» **TASK PROMPT**:
A line belongs in the answer if it contains "Gucci"; copy every such line from the entries below.

[Short web captions]
# # # # #

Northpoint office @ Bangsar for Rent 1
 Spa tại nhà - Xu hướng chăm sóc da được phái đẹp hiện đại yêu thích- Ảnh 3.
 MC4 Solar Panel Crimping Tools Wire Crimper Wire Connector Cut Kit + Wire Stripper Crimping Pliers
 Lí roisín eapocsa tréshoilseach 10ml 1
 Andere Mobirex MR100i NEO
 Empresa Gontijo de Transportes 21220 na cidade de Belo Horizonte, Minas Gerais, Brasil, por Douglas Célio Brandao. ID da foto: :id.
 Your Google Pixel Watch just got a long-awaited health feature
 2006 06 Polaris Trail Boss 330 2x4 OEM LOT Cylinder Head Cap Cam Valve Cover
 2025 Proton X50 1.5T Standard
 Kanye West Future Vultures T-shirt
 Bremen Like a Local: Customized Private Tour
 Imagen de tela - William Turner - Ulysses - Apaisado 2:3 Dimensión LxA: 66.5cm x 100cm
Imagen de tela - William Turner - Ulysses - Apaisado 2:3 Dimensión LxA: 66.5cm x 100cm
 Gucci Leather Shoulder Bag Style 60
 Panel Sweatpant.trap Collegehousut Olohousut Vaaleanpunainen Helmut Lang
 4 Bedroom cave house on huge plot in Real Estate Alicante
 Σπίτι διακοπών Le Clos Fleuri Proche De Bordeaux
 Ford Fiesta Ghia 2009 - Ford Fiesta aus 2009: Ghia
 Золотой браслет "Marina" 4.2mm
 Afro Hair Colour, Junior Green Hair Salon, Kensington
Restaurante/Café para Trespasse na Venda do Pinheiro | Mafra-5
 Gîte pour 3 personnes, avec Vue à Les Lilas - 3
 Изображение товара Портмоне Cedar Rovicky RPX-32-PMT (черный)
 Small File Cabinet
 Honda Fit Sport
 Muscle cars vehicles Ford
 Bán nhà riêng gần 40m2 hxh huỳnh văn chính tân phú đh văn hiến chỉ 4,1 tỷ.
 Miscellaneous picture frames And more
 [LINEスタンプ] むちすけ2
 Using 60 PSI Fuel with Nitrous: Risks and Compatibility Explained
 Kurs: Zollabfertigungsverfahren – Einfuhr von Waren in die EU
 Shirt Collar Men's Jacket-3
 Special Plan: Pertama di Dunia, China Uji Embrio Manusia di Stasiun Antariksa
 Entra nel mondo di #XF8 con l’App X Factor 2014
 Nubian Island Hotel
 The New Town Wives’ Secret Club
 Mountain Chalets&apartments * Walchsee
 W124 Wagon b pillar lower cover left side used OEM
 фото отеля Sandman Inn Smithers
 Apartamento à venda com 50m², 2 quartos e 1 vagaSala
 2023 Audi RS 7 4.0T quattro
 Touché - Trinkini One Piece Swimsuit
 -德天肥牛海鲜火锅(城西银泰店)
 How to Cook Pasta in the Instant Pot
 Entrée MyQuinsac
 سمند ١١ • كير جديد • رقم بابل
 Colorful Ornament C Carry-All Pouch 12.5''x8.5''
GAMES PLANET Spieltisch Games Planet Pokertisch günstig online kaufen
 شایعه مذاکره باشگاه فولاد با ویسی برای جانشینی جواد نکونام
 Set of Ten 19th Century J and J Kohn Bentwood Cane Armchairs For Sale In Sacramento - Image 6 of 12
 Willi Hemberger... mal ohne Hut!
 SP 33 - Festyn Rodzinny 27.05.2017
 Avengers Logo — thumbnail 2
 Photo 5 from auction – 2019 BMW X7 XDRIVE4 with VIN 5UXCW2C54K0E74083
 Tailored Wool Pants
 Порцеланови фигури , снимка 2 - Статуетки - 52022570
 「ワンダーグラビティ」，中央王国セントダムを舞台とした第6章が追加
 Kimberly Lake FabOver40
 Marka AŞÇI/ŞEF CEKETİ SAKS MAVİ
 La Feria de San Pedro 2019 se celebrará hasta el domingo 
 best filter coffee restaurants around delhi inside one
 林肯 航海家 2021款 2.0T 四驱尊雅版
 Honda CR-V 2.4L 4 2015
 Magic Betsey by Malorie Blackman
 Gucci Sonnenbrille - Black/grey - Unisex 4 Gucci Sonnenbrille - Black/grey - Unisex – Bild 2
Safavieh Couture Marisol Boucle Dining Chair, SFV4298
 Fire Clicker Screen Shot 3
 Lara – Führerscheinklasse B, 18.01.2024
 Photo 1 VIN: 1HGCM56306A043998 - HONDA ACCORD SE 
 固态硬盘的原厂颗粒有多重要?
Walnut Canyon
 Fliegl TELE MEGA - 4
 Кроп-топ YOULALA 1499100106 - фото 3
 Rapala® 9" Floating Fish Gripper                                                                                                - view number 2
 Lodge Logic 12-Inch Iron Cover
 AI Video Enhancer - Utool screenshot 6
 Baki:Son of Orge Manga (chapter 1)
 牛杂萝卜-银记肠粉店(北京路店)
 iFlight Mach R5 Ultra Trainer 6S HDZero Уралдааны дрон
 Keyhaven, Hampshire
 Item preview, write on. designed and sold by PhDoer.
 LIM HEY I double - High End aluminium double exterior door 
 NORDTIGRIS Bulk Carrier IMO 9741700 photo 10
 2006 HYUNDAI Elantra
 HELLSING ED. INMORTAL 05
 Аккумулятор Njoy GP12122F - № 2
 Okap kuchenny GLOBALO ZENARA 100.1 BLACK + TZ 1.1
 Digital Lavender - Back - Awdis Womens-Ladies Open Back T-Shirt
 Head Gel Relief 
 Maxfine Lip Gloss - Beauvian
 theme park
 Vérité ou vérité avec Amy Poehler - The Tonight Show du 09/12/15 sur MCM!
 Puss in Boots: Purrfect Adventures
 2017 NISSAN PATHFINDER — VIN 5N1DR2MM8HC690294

# # # # #

» **TASK SOLUTION**:
 Gucci Leather Shoulder Bag Style 60
 Gucci Sonnenbrille - Black/grey - Unisex 4 Gucci Sonnenbrille - Black/grey - Unisex – Bild 2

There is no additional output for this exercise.